ゴシャルは、経営者教育こそがドット・コム時代の企業スキャンダルの主要な原因であると主張した。というのも、ビジネス・スクールで教えられている経営の主流派モデルはたいてい、ウィリアムソンの影響を受けた見解に従っているからである。そこでは、主体はつねに機会主義的かつ利己的に行為するので、望ましいパフォーマンスを実現するためには、インセンティブ・システムの設計が彼らの外在的動機に訴えなければならないことになる。この種の経済分析の訓練を受けた人々は、それに従って行為するだろう。というのも、これが理論的かつ経験的に保証された方法なので、経済のなかのほとんどの行為者たちはこの仕方で行為すると信じるだろうし、インセンティブ・システムの設計者として習得した知識を適用するからである。

  • また、これは逆方向の影響関係もある。

p244 企業 → 経済学 の影響

経営者たちは経済モデルによって生み出された予測に従って行動し、その経済モデルが翻って経済学者たちの専門領域的アイデンティティを定義するのである。

  • つまり、企業の振る舞いと経済学の理論は相互規定的であるということだ。もちろんこれは、経済学者たちが企業経営者たちと癒着してるというような話ではない。そうではなく、[企業⇔経済学]というループする規定関係において、「合理的経済主体」「経済学者」というアイデンティティが生成され、安定化するという、概念レベルでの均衡関係を意味している。こうして、企業経営に伴う様々な外部性が解消されることなく温存されることになるのだ。
  • それでは、ヘーゲル経済学を使うと、こうしたループを脱するためにどんな提案ができるのだろうか?

p245 経営者アソシエーションにおける標準を確立する

インセンティブ・システムの機能不全という問題に対する改善策は、経営者アソシエーションにおける標準を確立するというものである。アイディアの概略は、メンバー間の公共的討議において、インセンティブ・システムの標準(…)を確立できるというものである。

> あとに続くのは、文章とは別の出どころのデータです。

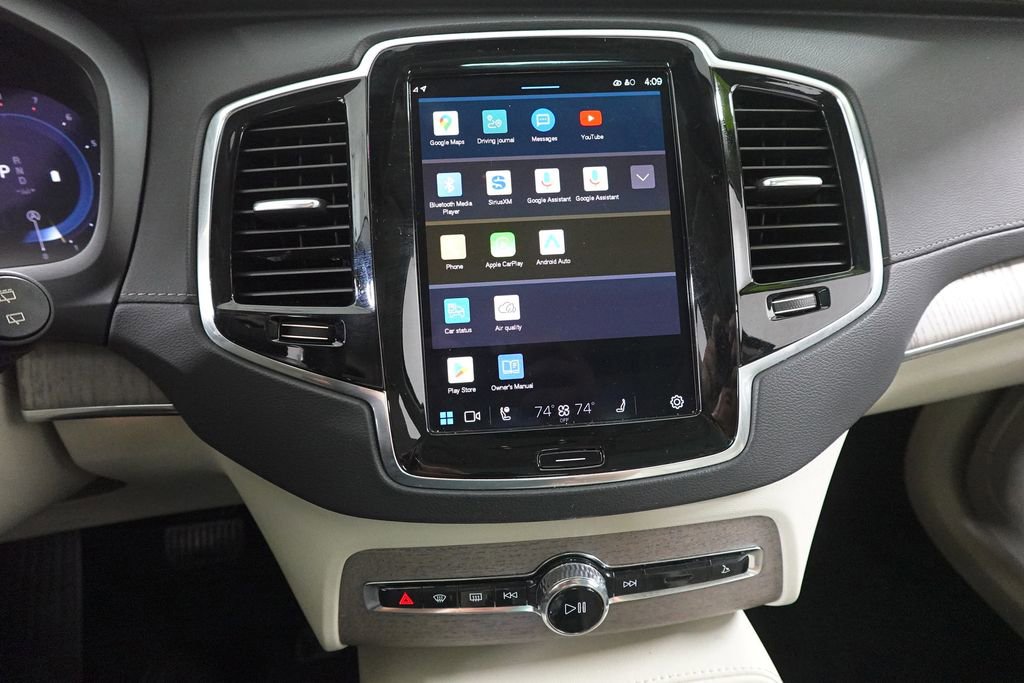 Used 2023 Volvo XC90 B6 Ultimate w/ Protection Package Premier image 17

  • つまり、経営者同士のアソシエーションをつくることで、インセンティブ・システムがどうあるべきかについて相互承認するべし、ということだ。経営者アソシエーションは経営者教育の制度にも関わるとされている。また、インセンティブ・システムは従業員にも承認されなければならない。なぜなら、従業員もまた、経営者のアイデンティティに影響するパートナーだからだ。具体的には、監査役会のメンバーとして、従業員は報酬スキームの決定に関与することになる。
  • また、経営者アソシエーションと別に、産業アソシエーションも必要だ。そして、両者の中心にコーポレーション内部の承認関係があるという関係性が構想される。

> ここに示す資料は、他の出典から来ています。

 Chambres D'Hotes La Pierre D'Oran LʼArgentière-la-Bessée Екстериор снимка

p247-248 経営者報酬の原則を確立するための枠組み

産業アソシエーションもまた従業員と経営者の両方を含み、伝統的な労働と資本の分裂を断ち、われわれが推奨しているような方向に動くことができるかもしれない。(…)
以上のことから、経営者報酬の原則を確立するための枠組みは、図5.3のようなものになるだおる。
中心には、コーポレーション内部の承認関係があり、それによってエグゼクティブのインセンティブ・システムが所有者、従業員、経営者の同意を得る。これらの関係は、経営者アソシエーションや産業アソシエーションにおいて補完された標準によって補完される。(…)これらのインタラクションはすべて、公共圏において発生する。すなわち、それらは世論による吟味に対して開かれている。

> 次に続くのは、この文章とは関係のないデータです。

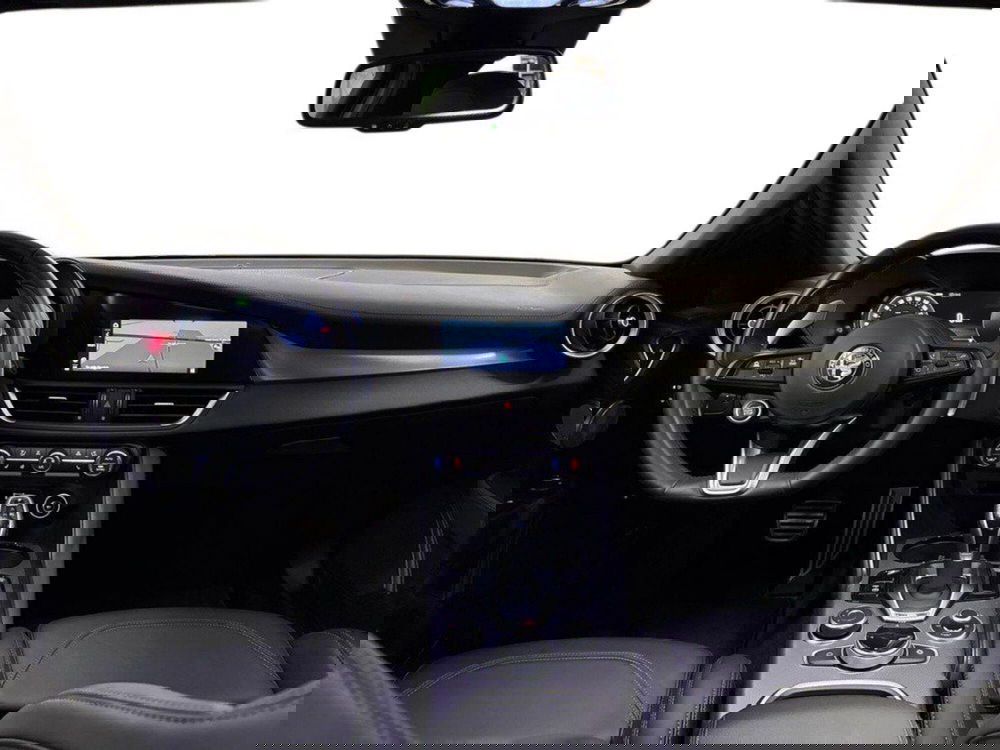 Alfa Romeo Giulia usata a Macerata (10)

  • もちろん、このように提案したらこうした枠組みが実現するというものではないだろう。たとえば経営者教育を変えようと思ったらビジネススクールのカリキュラムを変えないとならない。そのためには、既存の経済学ではなく、筆者の提案するヘーゲル経済学がかなり力を持つようにならないといけないだろう。また、そうして教育が変わったとしても、旧来の経営者教育を受けた経営者たちはやはり機会主義的かつ利己的に行動するだろうから、新しい世代が彼らに対抗するにはやはり機会主義的かつ利己的に行動するしかないかもしれない。そうすると、そうした経営者の行動を分析するにはやはり旧来の経済学の方が適切だということになって、ヘーゲル経済学の存在感は希薄になっていくかもしれない。
  • 現在の報酬スキームはさまざまな主体の振る舞いや制度の間の均衡状態として成立しているものだ。だから、何かを変えればすぐに改革できるというものでもないと思う1。ただ、いずれにしてもこうした均衡状態の見取り図がなければ、改革のためにどこから手をつければ良いのかもわからない。

  1. まだちゃんと勉強していないのであくまでメモとして書くけど、本書が依拠する青木昌彦の制度論に対する批判として、そもそもどうやって制度を変えればいいのかわからない、というものがあると思う。つまり、制度論をどうしたら現実社会における問題解決に応用すればいいのか、という問題だ。本書は「相互承認」というヘーゲル哲学の概念を取り入れることで制度が選択されるときの人々のコミュニケーションのあり方を明示化し、さらにセンのケイパビリティの導入によってより良い制度を評価するための視点を示したという意義があると思う。でも、本当にこれだけで、現状の制度的均衡状態を脱することができるのかどうか、ちょっとよくわからない。「どこを押したら変わりそうか」というのと「どういう風に変わるのが良いのか」というのは示したけれど、「どういう風に押せば良いのか」は示していないというか。そこらへんはお前らが考えろよ、ということなのかな。考えよう。